CDP technologies are complex, and must be application and
file-system aware in order for the recovery of the data to be possible
at any point in time. Some CDP approaches compromise on the granularity
of the recovery. For example, recovery can only be possible from
periodic snapshots of the data. This may, in fact, be sufficient for
many applications, but the choice of the approach to CDP must be made
with these distinctions in mind.
To allow for a full recovery of a volume a time zero image of the
volume must be completed before a CDP system can move to the
"ready" state. CDP systems generally have a finite amount of
storage, and at some point a CDP product must discard stored data. To
maintain the backup integrity a new time zero image must be
recreated.
There are three common types of CDP products: Block based, File
based and Transaction based.
Block based systems back up each block on a storage volume as
that block is changed. To recover data using a block based CDP an
entire volume must be restored to a given point in time. Since a block
based CDP application has no knowledge of the data it is handling,
there is no way for the stored data to be stored for searching.
However, since a block based CDP system does not interpret the data it
is handling, it can backup any data volume or application.

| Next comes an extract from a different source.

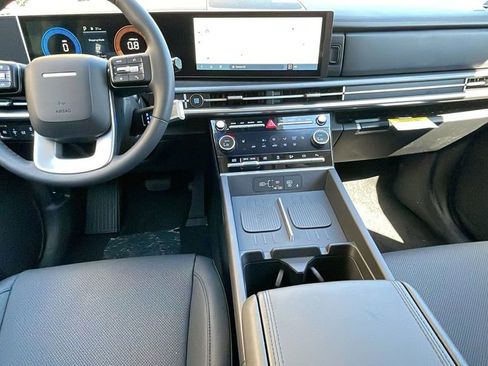 New 2025 Hyundai Santa Fe XRT image 18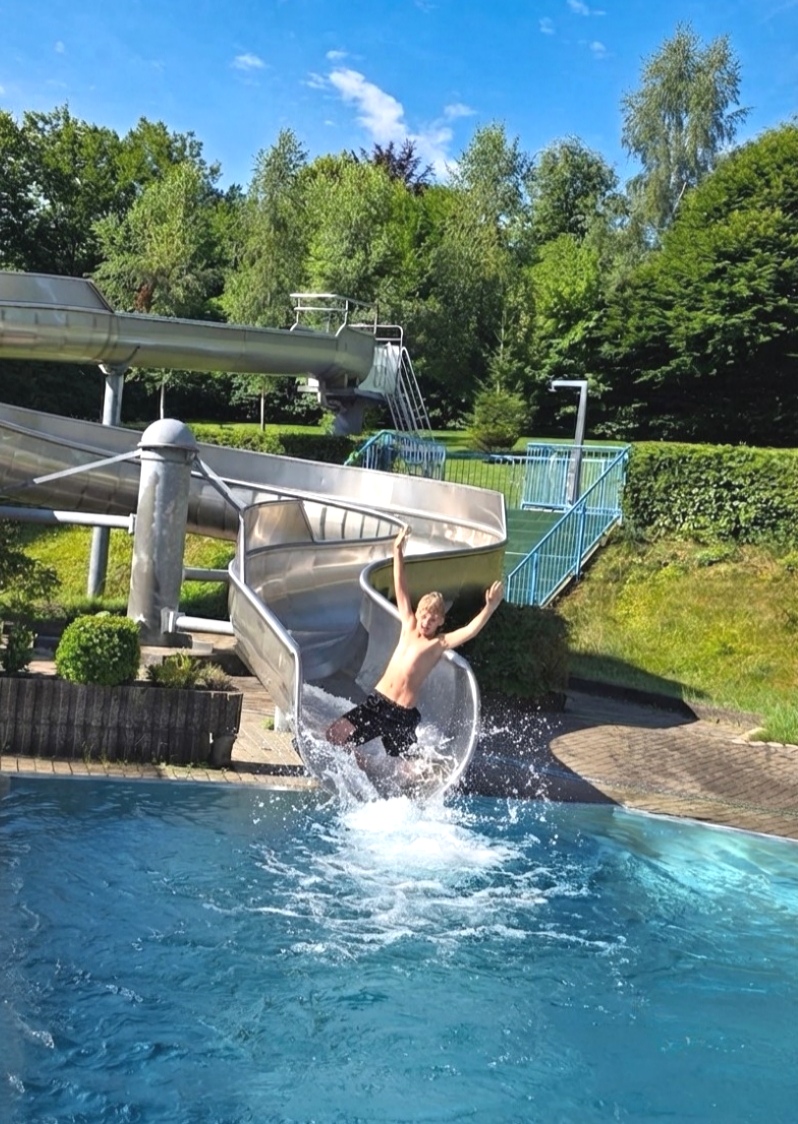 images/Kegelsberg/Freibad/Freibad.jpg#joomlaImage://local-images/Kegelsberg/Freibad/Freibad.jpg?width=798&height=1124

Block based CDP storage volumes may not be in a consistent state,
and there will be points in time when the stored data is unusable. The
recovery process may require several recovery attempts from
successively earlier points in time before a consistent data image can
be obtained.
File based systems backup files as they are written. In this
kind of system individual files may be recovered. Many CDP products
(such as Storactive's LiveBackup for workstations) now allow individual
users to recover their own files. Most file based CDP products allow
the use of policies to control which files get backed up and for how
long.
A file-based system can index for later search the files it can
interpret. When this is done a file could be recovered by some part of
its content as well as it's name, location or modification data. File
based CDP systems have a tendency to not handle applications that
continually hold files open. Mail systems and database packages are
common examples of these.
Transaction based CDP products store changes to records
stored in a database. The most common form of this is an Email system,
and Storactive's LiveServ product ensures that mail messages and
attachments are backed up as they are sent and received. Data recovery
can be accomplished by the end-user from any point in time.
Each protected application requires a different CDP product that can
handle its specific API and data properties. Since a transaction based
CDP product is specific to a given application, indexing and other
search and recovery features can be custom tailored to specific
regulatory and customer requirements.